Melbourne, 1 aprile – Non è andata certo come ci aspettavamo e speravamo. Le qualifiche sono state molto deludenti, inutile nasconderlo. E’ vero che le temperature piuttosto fredde – qui è autunno – non ci sono state favorevoli ma non pensavamo certo di restare fuori dai primi dieci. Nella seconda parte della sessione, Felipe è uscito di pista in un giro piuttosto veloce mentre Michael ha mancato la qualificazione per appena quattro millesimi. Un’inezia, ma in uno sport in cui si inseguono miglioramenti prestazionali quasi infinitesimali anche questi pochi millesimi fanno una grande differenza e lo abbiamo ben visto oggi.
L’umore non è certamente quello dei giorni migliori in questa fredda serata di Melbourne.

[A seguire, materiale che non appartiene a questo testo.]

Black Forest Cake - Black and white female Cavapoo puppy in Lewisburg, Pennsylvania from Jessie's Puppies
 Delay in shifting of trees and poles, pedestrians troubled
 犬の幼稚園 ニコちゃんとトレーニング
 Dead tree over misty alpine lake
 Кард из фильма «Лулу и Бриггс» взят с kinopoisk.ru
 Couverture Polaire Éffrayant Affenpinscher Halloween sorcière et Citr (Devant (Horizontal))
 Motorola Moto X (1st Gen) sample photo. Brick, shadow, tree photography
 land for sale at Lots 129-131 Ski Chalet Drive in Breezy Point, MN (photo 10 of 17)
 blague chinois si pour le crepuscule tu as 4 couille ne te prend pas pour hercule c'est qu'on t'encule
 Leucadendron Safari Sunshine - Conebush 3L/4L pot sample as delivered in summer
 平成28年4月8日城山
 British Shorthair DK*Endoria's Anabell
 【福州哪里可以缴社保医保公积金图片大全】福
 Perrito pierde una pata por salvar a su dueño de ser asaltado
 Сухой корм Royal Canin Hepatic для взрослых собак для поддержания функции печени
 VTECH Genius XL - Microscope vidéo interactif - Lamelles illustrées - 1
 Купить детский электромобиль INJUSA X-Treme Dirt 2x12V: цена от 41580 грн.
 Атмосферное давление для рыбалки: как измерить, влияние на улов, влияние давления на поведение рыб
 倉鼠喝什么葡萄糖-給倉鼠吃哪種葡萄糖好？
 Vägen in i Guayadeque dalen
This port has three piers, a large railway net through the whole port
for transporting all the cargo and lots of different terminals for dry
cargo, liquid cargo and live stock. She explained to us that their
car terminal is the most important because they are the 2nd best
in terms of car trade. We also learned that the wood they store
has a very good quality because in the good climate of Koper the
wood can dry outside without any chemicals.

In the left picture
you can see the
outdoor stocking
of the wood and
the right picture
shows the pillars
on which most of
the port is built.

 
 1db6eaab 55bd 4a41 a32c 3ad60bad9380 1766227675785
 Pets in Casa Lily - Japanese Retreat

I meccanici hanno lavorato intensamente fino alle 18.30 – ora in cui bisognava consegnare le macchine alla FIA – per allestire una nuova vettura per Felipe. Infatti, il telaio 252 è rimasto danneggiato nell’urto con le barriere di protezione e non è stato possibile ripararlo. Fortunatamente, il propulsore è integro così si è provveduto a montarlo insieme al cambio sul telaio di scorta, il 250, cioè il primo esemplare della 248 F1 prodotto. Domani, quando la macchina verrà riconsegnata alla squadra, verranno effettuate le ultime rifiniture. L’unico vantaggio che deriva dalla posizione in griglia è che potremo aspettare fino all’ultimo per scegliere il quantitativo di benzina con cui iniziare la gara. Se ci dovesse essere la variabilità delle condizioni meteorologiche che abbiamo visto oggi – peraltro, le previsioni danno asciutto per la corsa – potrebbe essere un aiuto importante. In ogni caso, dobbiamo cercare di dare il massimo e di fare di tutto per piazzare entrambe le vetture in zona punti. Così come in Malesia, ci ritroviamo nella condizione di dover limitare i danni e non in quella di attaccare per il massimo risultato. Dobbiamo fare di necessità virtù!